As the days have passed, we’ve turned off alarm clocks and become reacquainted with our pillows.  The kids have rediscovered their love of Lego building, modeling clay and drawing comics.  We’ve replaced the wordsneed tohave to or must with the words feel likewant to or maybe. We’ve eaten lots of thick slices of French toast with strawberries and syrup and the cold sore on Tucker’s lip has finally cleared up.  We’ve played wiffle ball and taken lots of slow walks in the woods and watched the first Harry Potter movie during a big, loud thunderstorm.

I planned to take the kids to the coast or into Boston to the science museum, but even traveling just over an hour from home somehow seems too far.

Our big outing yesterday was to the local diner in the next town over. After the kids devoured their chocolate chip pancakes, we wandered around town and discovered a park tucked behind the main street. We followed the path that wanders along the river and dropped in leaves to watch them float down stream. We even caught a glimpse of a beaver running along the opposite shore.

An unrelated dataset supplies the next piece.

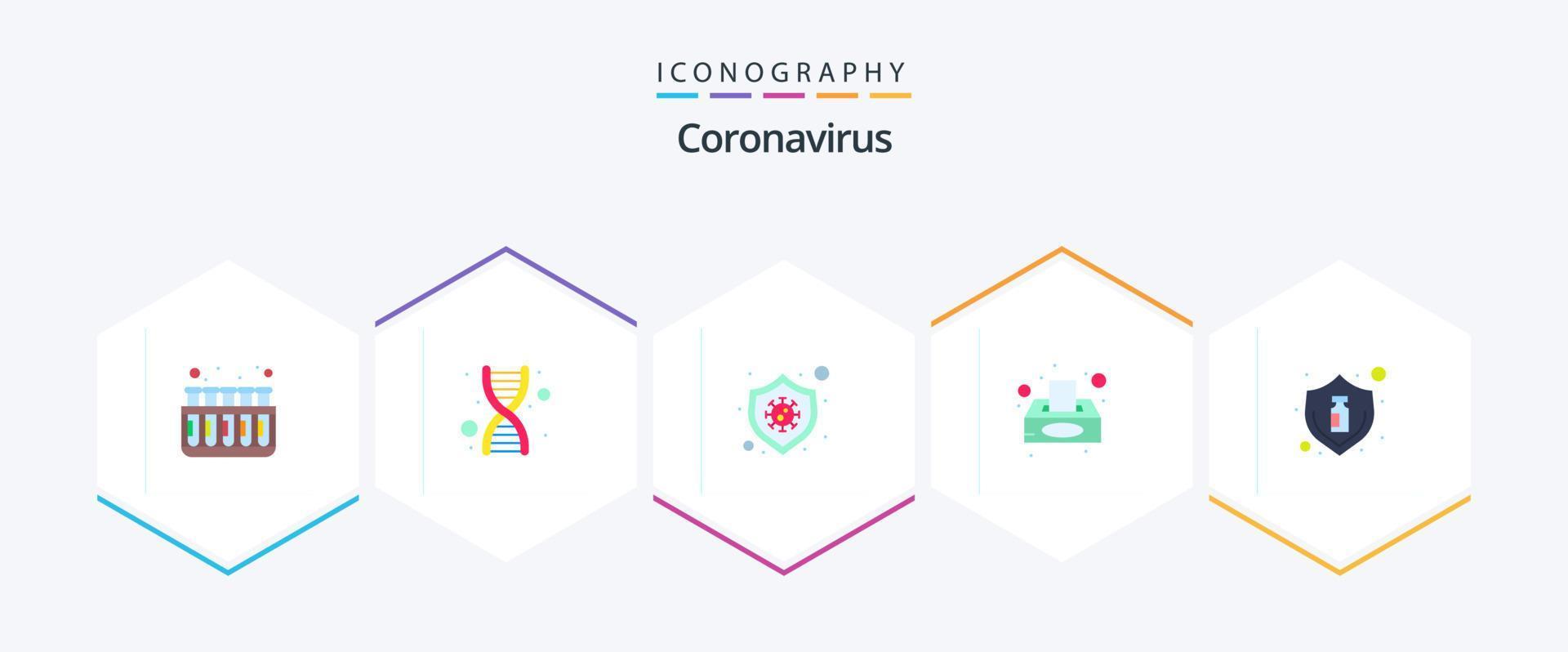 Coronavirus 25 Flat icon pack including flu. tissue paper. virus. napkin. virus vector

We walked to the town green, and I snapped pictures of the kids sitting on benches next to the bronzed statues of children that we’d never even noticed before. I wondered if the statues were new, but realized we usually cross the green to the chant of Let’s goCome on or Hurry as we run in to pick up take out or cross some other errand of our list.

As the kids posed for the photos, Andie said, “Mom, we’re like those people who travel somewhere and take lots of pictures.”

“Tourists?” I asked.

“Yeah, tourists,” she said.

And I realized she was right. We are tourists, finally discovering this whole new world that’s been hidden right in front of us, waiting for us to slow down enough to see it.